The hardware behind ChatGPT

3

Replies
4662

views

Level 52

Saka

16-03-23

Currently an extremely popular tool is ChatGPT from Open.AI. It is based on GPT-3 language model. Thanks to the very intense deep learning it went through, it can generate quite sensible pieces of text, depending on the use case. It is still not recommended to be used for scientific purposes, as it is known to produce something akin to "believable bullsh*t".

How intensive was the training actually?
UBS analyst Timothy Arcuri claims ChatGPT used 10,000 Nvidia GPUs to train the model and that number seems to be listen in multiple sources. The GPUs in question are Nvidia V100. The price of each unit often exceeds $10,000, which makes the project really expensive.

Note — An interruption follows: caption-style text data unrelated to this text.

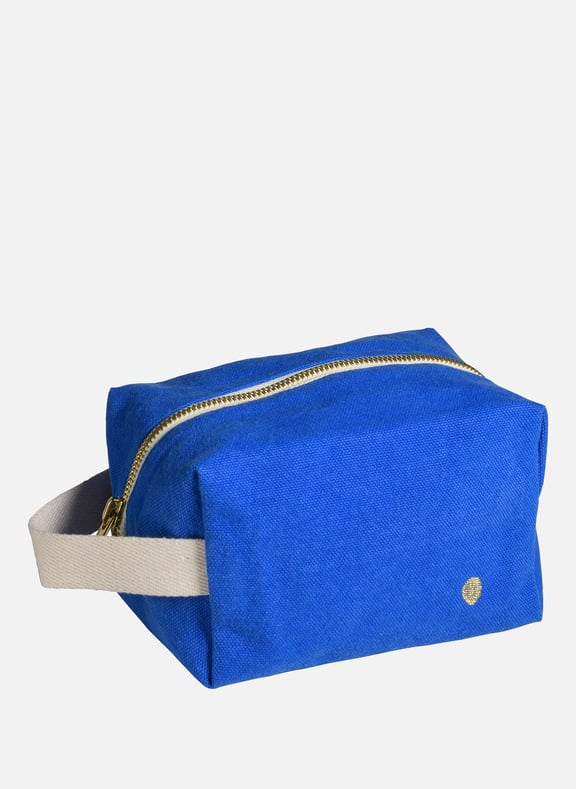 Small Organic Cotton Cube Pouch CERISE SUR LE GATEAU Small Organic Cotton Cube Pouch CERISE SUR LE GATEAU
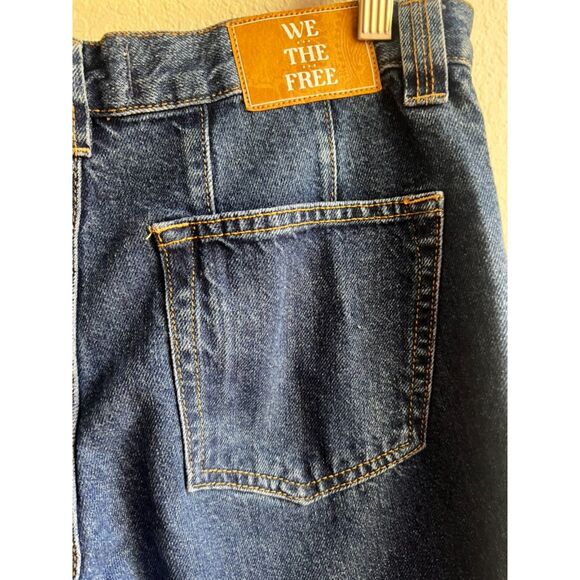 New We the Free by Free People CRVY Siren Low-Rise Straight Jeans - Size 27 - Picture 8 of 8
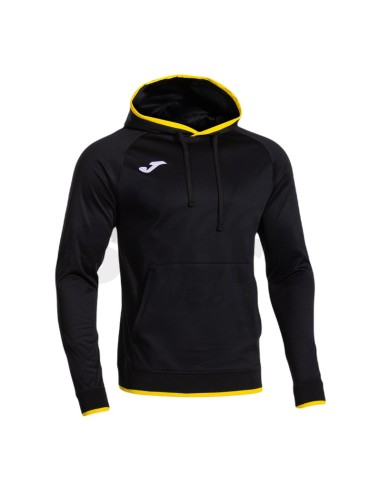 JOMA FELPA CON CAPPUCCIO COMBI PREMIUM NERO GIALLO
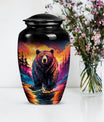 10-inch Grizzly Bear Urn, Classic-style Aluminium Funeral 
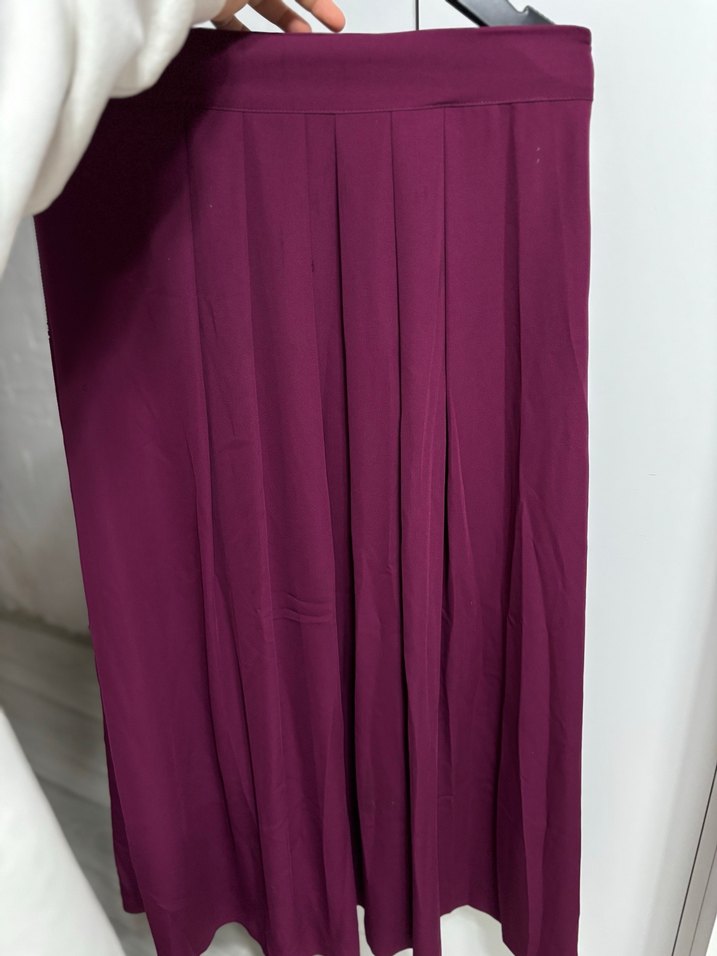 Piliseli Uzun Kadın Etek - Görsel 4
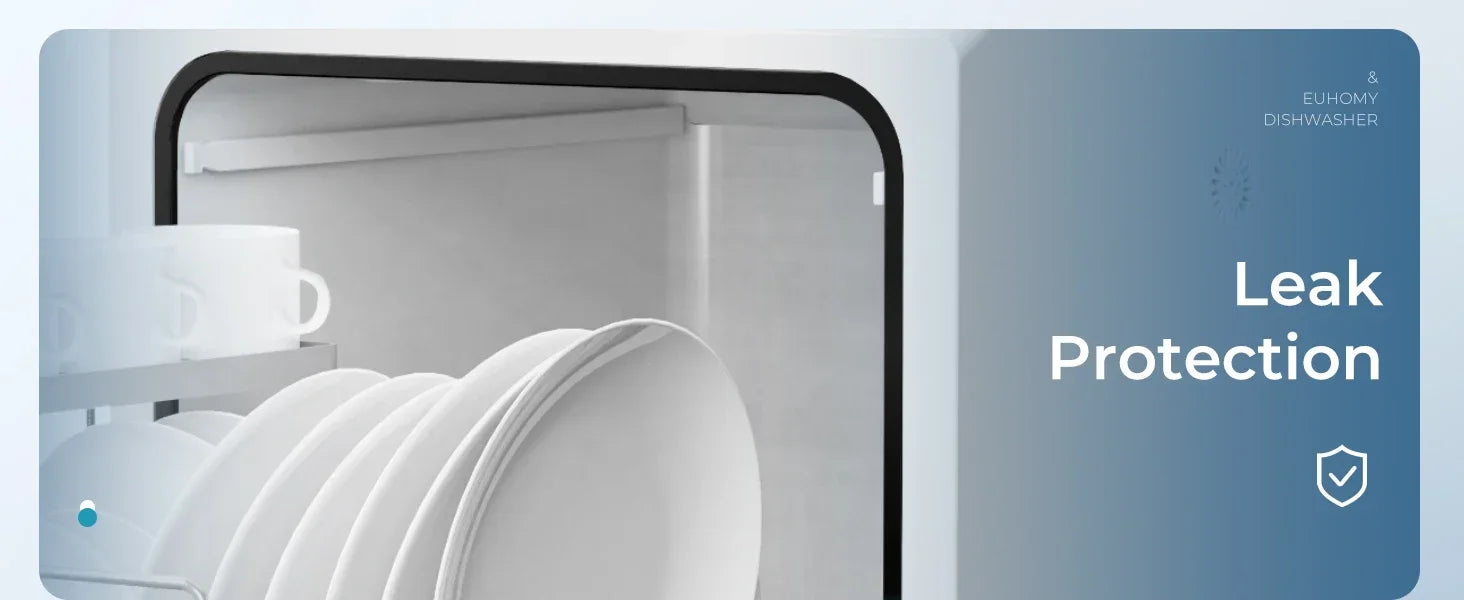 Mini portable dishwasher countertop compact dishwasher, desktop small dishwasher with 5L built-in water tank GN781TB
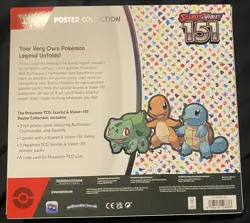 Pokemon Scarlet & Violet 151 Poster Collection Box Bulbasaur Charmander Squirtle - Image 2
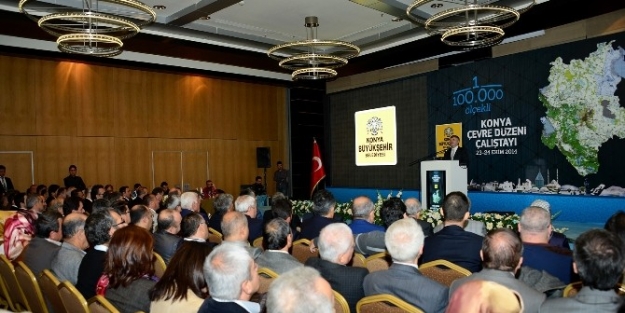 Konya Çevre Düzeni Planı Çaliştayi Yapılıyor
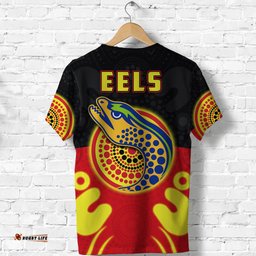 eels indigenous t shirt style aboriginal flag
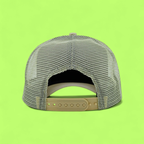 JOHN HATTER BLUE AND BEIGE CAP WITH PAIN DON’T HURT PLATE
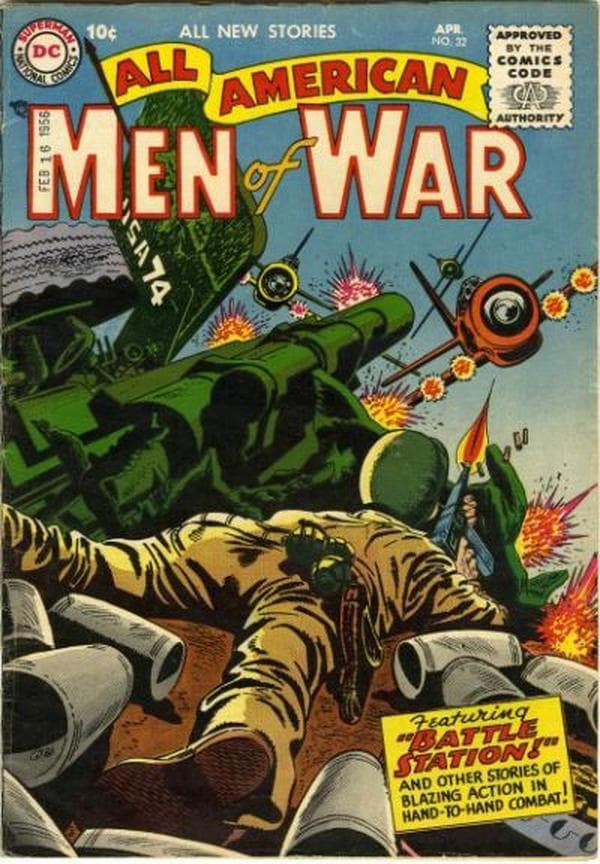 All-American Men of War #32 cover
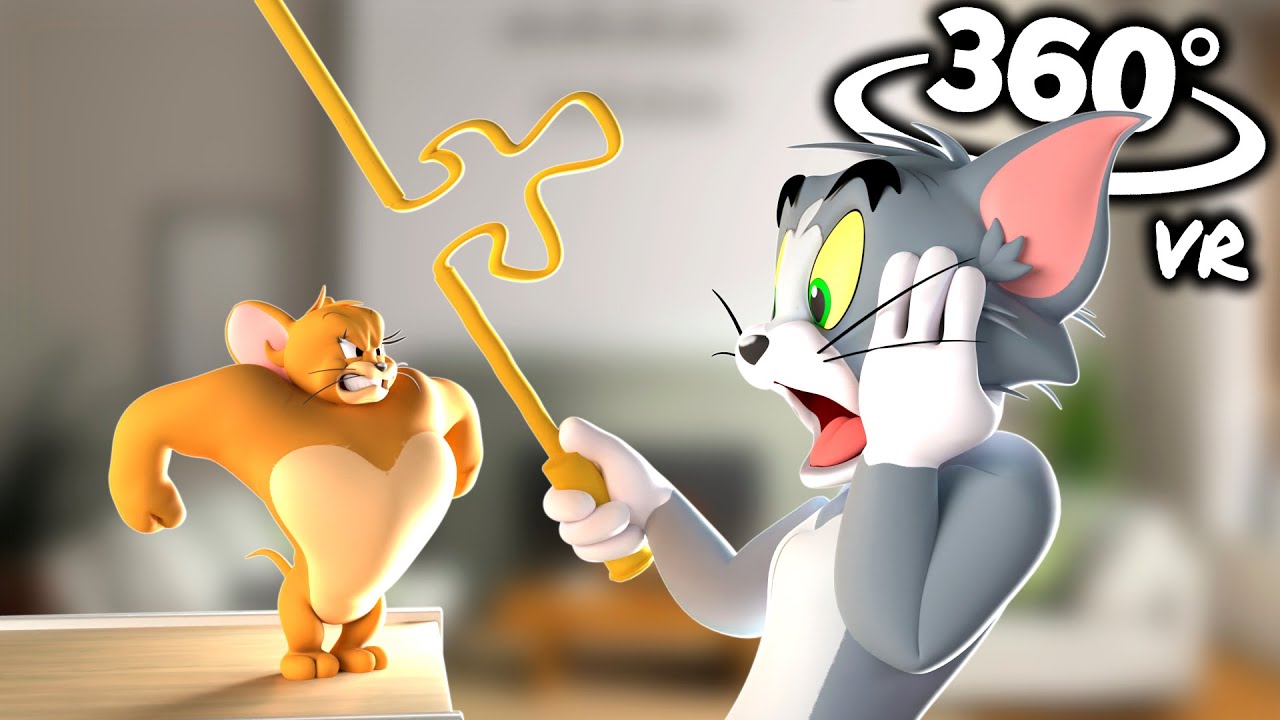 Tom & Jerry 360° VR Animation in 4K 🎥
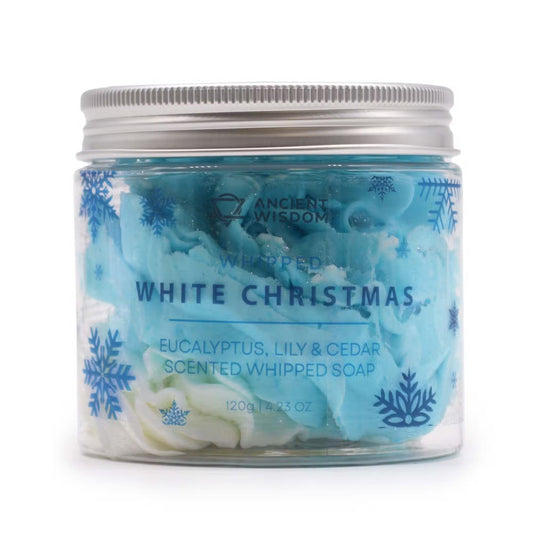 White Christmas Whipped Soap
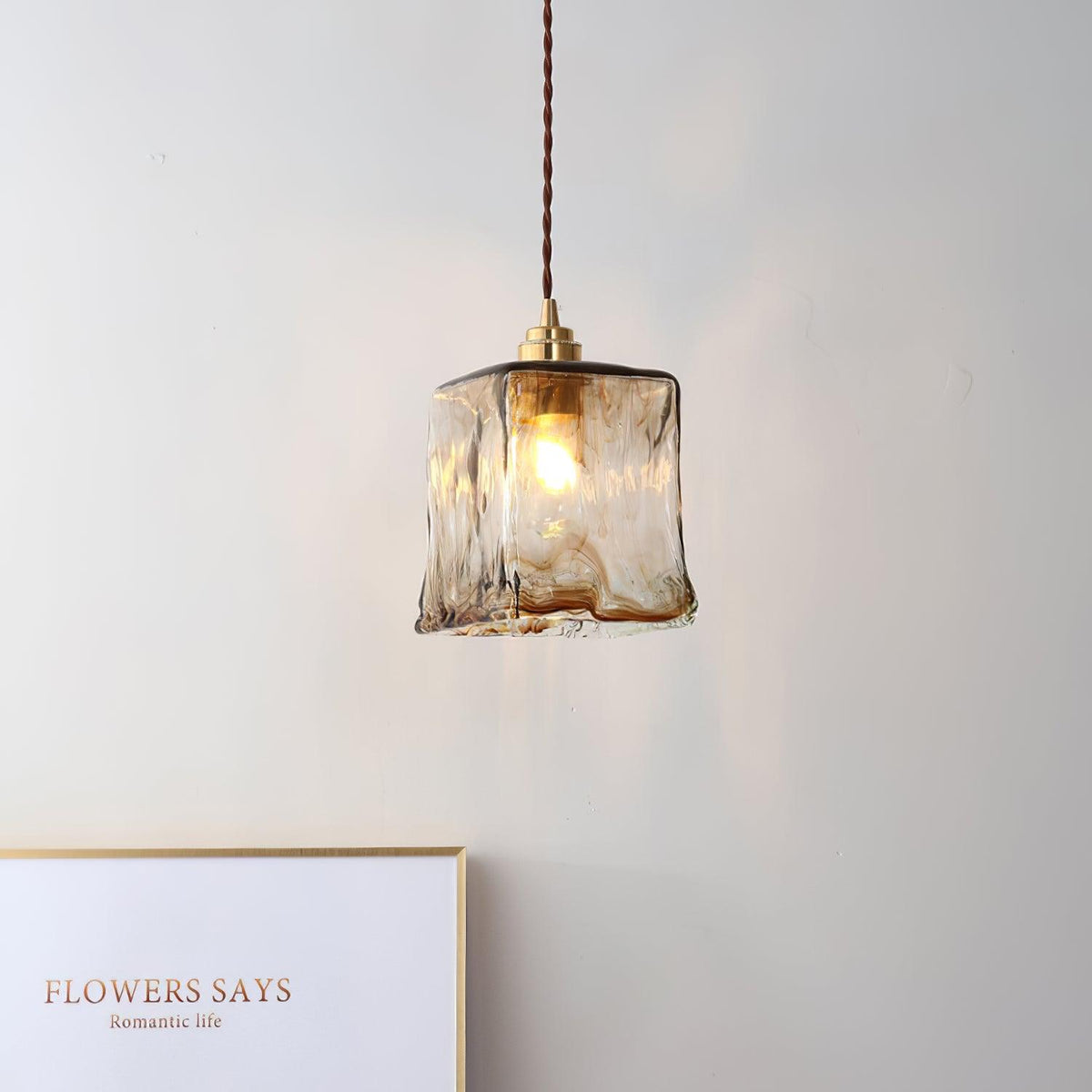 Celirira Vintage-Glas-Pendelleuchte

Microsoft was responsible for building the supercomputer for Open.AI, but refused to disclose the cost, saying only that it was "several hundred millions". An interesting fact is that by 2020, when the supercomputer was built, V100 based on Volta were already a quite old tech, but its successor from Ampere came out a bit too late for the project, as such scale of investment needs thorough planning.

Currently ChatGPT runs on 8 of A100 GPUs as it is past the learning stage.

Serve the Home has a really nice article describing these GPUs. Basically they are a product designed for servers handling big data and similar stuff. Hence they have no fans or display outputs and are equipped with massive heatsinks that allows dissipation of large amounts of heat and stacking them densely.

Name: nvidia-a100-pcie-3qtr-top-left-2c50-d.jpg
Views: 3793
Size: 30.7 KB

Name: nvidia-a100-pcie-3qtr-top-left-2c50-d.jpg
Views: 3793
Size: 30.7 KB

Spec sheet on Nvidia's website. A noticeable thing is the huge amount of VRAM. It is what allows large amounts of data to be processed in a single batch. Just to give some ideas, on my mobile 3070 I am not able to run diffusion algorithm of a larger picture than 250x250 because my 8GB VRAM isn't enough. To generate a wallpaper-sized picture pretty much one needs a server level GPU or a workstation with several professional GPUs.

Now, Microsoft announced that they are upgrading these A100 GPUs with a new generation, H100.

Here's a fairly technical video that explains the hardware used. I don't recommend watching it at very late hour though, as it uses a lot of big words:

Unamused Snarktooth. Advocate for hearing loss & accessibility. Person, friend and a terrible/terrific* artist.
*delete as appropriate

3 Replies

Level 52

GoLLuM13

17-03-23

Thank you for this article, that was very interesting to read

Tag me to be sure I see the answer and reply to you / Taguez moi pour être sûr que je vois la réponse et vous réponde en retour
Most of my writings in no particular order (mostly in French) / La plupart de mes écrits sans ordre particulier
>> HERE/ ICI <<

Level 52

Saka

17-03-23

@GoLLuM13 Glad you liked it, I accidentally stumbled upon the announcement from Microsoft and started digging a little more. 😊

There were some other technical topics I've been meaning to write, but my migraines have pushed that back and now I don't know if there's any point of discussing not so fresh news. Although maybe I will put something together for the sake of discussion (it's about the Intel discrete graphics if that helps).

Unamused Snarktooth. Advocate for hearing loss & accessibility. Person, friend and a terrible/terrific* artist.
*delete as appropriate

Level 17

AhmedOsmaan

30-03-23

I find the development of chatgpt from Open.AI to be really fascinating. The fact that it is based on the GPT-3 language model and has gone through intense deep learning to produce sensible text is quite impressive. It's interesting to know that it used around 10,000 Nvidia V100 gpus for training, which is a really expensive investment. The fact that it runs on 8 of A100 gpus now that it's past the learning stage is impressive as well.